Groups only exist as references in RoleBindings and ClusterRoleBindings.

Script Categories

1. User Management Scripts

rbac-add-admin.sh

Purpose: Grant cluster-admin access to an OIDC user

./scripts/rbac-add-admin.sh user@example.com

Creates:

  • ClusterRoleBinding with cluster-admin role
  • Annotations: rbac.openportal.dev/managed-by=rbac-add-admin
  • Labels: rbac.openportal.dev/type=explicit-admin

Use Case: Grant full cluster access to platform administrators


rbac-add-namespace-access.sh

Purpose: Grant namespace-scoped access to an OIDC user

./scripts/rbac-add-namespace-access.sh user@example.com my-namespace edit

Arguments:

  • User email (OIDC)
  • Namespace name
  • Role: view, edit, or admin (default: edit)

Creates:

  • Namespace (if doesn't exist)
  • RoleBinding in the namespace
  • Annotations: rbac.openportal.dev/managed-by=rbac-add-namespace-access
  • Labels: rbac.openportal.dev/type=namespace-scoped

Use Case: Grant developers access to their team's namespace


create-user.sh

Purpose: Create test users using ServiceAccount tokens (NOT OIDC)
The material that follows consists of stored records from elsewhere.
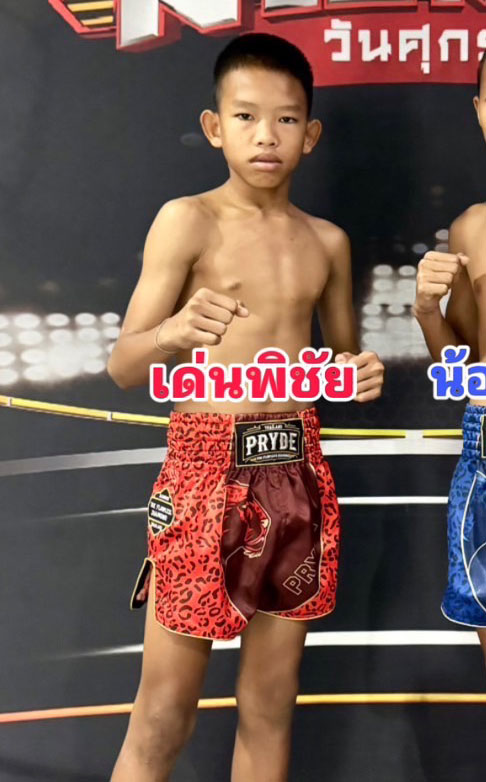 เด่นพิชัย ยุทธการมวยไทย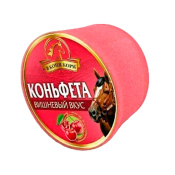 Лакомство для лошади Коньфета "Вишня" 620 г.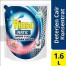 Rinso Liquid Matic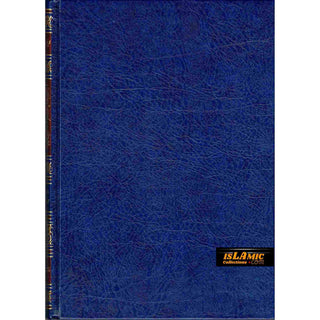 Al Tib Al Nabawi Arabic language (Medicine Of the Prophet in Arabic Language)By Ibn al-Qayyim (Dar Al Fayha)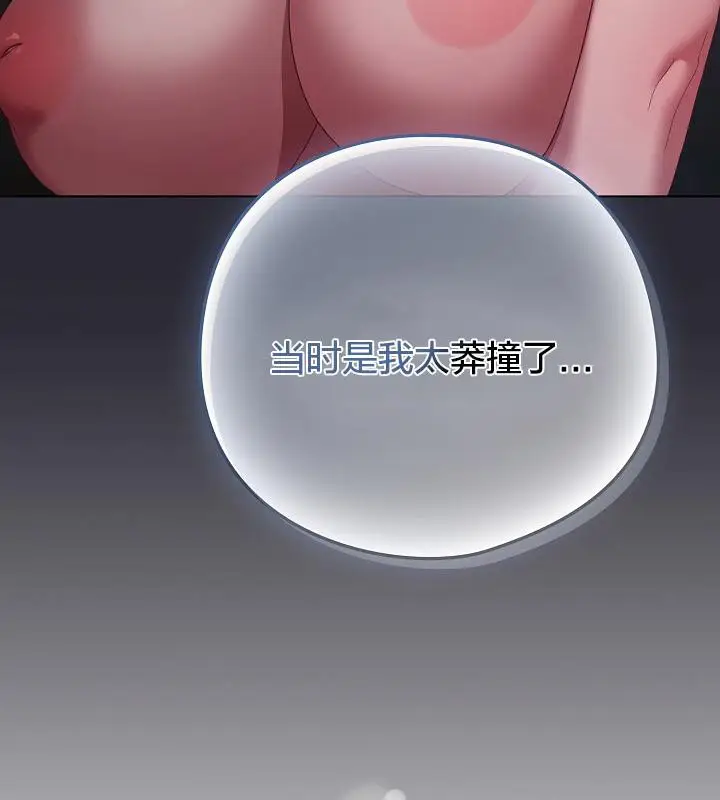 《猫猫牵红线》第14话图63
./scripts/create-user.sh testuser edit myapp

Creates:

  • ServiceAccount in specified namespace
  • Secret with token
  • RoleBinding or ClusterRoleBinding based on permission
  • Kubeconfig file at ~/.kube/test-users/<username>-kubeconfig.yaml

Use Case: Testing RBAC policies without OIDC setup


2. Group Management Scripts

rbac-create-group.sh ⭐ NEW

Purpose: Create RBAC bindings for an OIDC group

# Cluster-wide access
./scripts/rbac-create-group.sh developers cluster-admin

# Namespace-scoped access
./scripts/rbac-create-group.sh backend-team edit backend-ns

Arguments:

  • Group name (as defined in OIDC provider)
  • Role: cluster-admin, admin, edit, or view (default: cluster-admin)
  • Namespace (required for non-cluster-admin roles)

Creates:

  • ClusterRoleBinding (cluster-wide) OR RoleBinding (namespace-scoped)
  • Annotations: rbac.openportal.dev/managed-by=rbac-create-group
  • Labels: rbac.openportal.dev/type=group-access or group-namespace-access

Important: This only creates the Kubernetes RBAC binding. Group membership is managed in your OIDC provider.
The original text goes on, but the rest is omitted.